Circuit breakers are electronic switches, which are typically automatically activated to prevent damage to circuits and equipment in response to the occurrence of short circuits and/or overload conditions therein. As illustrated by FIG. 1, a conventional circuit breaker may be configured as a dual-purpose arc fault/ground fault (AFGF) interrupter 10, which can be used in a single-pole 120 VAC load application 100 that is powered by 120/240 VAC source. As shown, the interrupter 10 includes four terminals, with terminal 1 connected to the 120/240 VAC source, terminals 2 and 3 connected to a load (e.g., 120 VAC receptacle 12) and terminal 4 electrically connected (e.g., pigtail) to a loadcenter neutral.

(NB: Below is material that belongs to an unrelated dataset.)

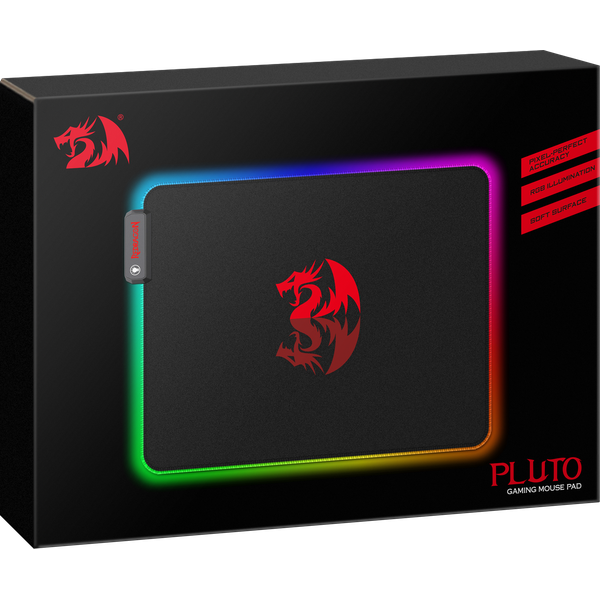 Коврик для мыши Redragon (PLUTO, тканевый на резиновой основе, игровой, RGB подсветка, black-red, 330x260x3mm)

Other conventional circuit breakers, such as mechanically operated circuit breakers (MCBs), may operate relatively slowly by using a thermal bimetal lever as a trip mechanism and this relatively slow operation may result in damage to the circuits and equipment. To address this slow speed limitation associated with conventional MCBs, electronic circuit breakers (ECBs) have been developed to achieve higher speed trip mechanisms for use with sensitive loads. For example, in a conventional ECB, a load current passes through a series element (i.e., shunt) having a very low resistance, and a voltage drop across the series element and a preset voltage may be compared in a level comparator. Then, in the presence of an excessive series voltage drop (i.e., shunt voltage), the comparator may generate an output signal to a microcontroller, which may then trigger a current controlling relay at high speed to thereby terminate an overload condition. These and other aspects of conventional ECBs are disclosed in an article by T. Deokar et al., entitled “Ultra Fast Acting Electronic Circuit Breaker for Overload Protection,” 2017 Third International Conference on Advances in Electrical, electronics, Information, Communication and Bio-Informatics (AEEICB), Chennai, India, (2017) pp. 29-32, and in article by P. Abirami et al., entitled “Electronic Circuit Breaker for Overload Protection,” 2016 International Conference on Computation of Power, Energy Information and Communication (ICCPEIC), Chennai, India, (2016) pp. 773-776.
As will be understood by those skilled in the art, the use of a low resistance shunt (e.g., 0.5 mΩ) to sense load current in an electronic overload breaker provides many advantages. For example, relative to a conventional current transducer (CT), a shunt can sense DC and very high frequency currents, does not saturate, is relatively inexpensive and typically only requires a small layout space. Nonetheless, the accuracy of the trip performance in shunt-based electronic overload breakers can be limited because variations in shunt resistance can often be significant at levels of ±10% or higher.